---- Raw data
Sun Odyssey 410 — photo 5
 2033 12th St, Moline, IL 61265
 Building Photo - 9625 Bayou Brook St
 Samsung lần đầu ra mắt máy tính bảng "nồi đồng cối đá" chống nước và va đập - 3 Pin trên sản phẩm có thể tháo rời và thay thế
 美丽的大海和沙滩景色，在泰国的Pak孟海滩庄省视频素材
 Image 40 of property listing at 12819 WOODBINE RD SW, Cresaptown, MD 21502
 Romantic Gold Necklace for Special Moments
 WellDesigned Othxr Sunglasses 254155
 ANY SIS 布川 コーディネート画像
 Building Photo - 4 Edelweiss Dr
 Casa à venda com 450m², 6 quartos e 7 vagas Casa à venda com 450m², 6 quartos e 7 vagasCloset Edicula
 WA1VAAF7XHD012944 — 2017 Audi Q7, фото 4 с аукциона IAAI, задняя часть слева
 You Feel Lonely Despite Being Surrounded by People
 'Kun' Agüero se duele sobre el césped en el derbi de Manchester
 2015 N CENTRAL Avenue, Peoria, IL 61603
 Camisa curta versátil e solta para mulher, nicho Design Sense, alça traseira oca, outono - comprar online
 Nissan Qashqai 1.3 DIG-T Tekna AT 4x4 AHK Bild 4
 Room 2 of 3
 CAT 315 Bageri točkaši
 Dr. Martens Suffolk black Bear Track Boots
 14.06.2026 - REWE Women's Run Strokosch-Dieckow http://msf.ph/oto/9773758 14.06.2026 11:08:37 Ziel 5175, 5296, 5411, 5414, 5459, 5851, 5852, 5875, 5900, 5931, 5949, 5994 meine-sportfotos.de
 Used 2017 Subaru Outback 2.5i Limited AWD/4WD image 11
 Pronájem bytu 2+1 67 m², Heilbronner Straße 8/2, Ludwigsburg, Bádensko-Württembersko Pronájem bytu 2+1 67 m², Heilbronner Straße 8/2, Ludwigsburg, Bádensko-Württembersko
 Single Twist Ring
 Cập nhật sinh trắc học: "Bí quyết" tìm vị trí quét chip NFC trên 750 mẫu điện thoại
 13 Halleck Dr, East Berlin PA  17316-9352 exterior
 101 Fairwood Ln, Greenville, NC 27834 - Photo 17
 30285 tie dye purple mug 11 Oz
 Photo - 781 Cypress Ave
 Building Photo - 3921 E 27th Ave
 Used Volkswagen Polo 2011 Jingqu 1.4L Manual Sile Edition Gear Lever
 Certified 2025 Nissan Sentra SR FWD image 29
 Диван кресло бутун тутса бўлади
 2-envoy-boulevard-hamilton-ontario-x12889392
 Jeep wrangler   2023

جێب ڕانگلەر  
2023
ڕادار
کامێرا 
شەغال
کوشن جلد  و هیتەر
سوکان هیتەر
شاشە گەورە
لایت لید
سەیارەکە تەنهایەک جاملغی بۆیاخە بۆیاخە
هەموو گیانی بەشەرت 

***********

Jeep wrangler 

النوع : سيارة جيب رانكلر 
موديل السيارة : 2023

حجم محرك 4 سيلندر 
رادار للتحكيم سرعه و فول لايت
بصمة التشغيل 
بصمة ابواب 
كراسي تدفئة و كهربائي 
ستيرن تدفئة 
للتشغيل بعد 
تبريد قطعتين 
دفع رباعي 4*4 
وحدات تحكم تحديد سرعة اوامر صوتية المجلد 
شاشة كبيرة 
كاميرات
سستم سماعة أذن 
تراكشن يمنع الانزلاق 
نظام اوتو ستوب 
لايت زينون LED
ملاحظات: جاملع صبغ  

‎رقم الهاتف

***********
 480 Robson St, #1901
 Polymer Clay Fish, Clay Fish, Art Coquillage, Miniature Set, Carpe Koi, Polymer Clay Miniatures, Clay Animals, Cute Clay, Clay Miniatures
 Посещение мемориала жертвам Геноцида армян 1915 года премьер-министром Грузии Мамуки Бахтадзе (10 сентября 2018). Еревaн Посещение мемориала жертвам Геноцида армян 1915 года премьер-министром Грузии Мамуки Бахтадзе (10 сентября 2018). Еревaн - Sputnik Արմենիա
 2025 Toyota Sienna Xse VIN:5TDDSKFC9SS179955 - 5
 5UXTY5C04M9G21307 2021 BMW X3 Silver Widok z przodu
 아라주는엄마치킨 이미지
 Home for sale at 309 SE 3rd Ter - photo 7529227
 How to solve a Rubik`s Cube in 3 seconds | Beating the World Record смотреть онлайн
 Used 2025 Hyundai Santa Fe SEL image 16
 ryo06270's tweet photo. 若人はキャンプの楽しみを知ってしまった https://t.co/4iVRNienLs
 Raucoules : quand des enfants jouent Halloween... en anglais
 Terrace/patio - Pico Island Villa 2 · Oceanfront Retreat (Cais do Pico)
--------
Task to carry out -> Note every line of the records that holds the word "Used", and copy it.

Answer to this task ->
 Used 2017 Subaru Outback 2.5i Limited AWD/4WD image 11
 Used Volkswagen Polo 2011 Jingqu 1.4L Manual Sile Edition Gear Lever
 Used 2025 Hyundai Santa Fe SEL image 16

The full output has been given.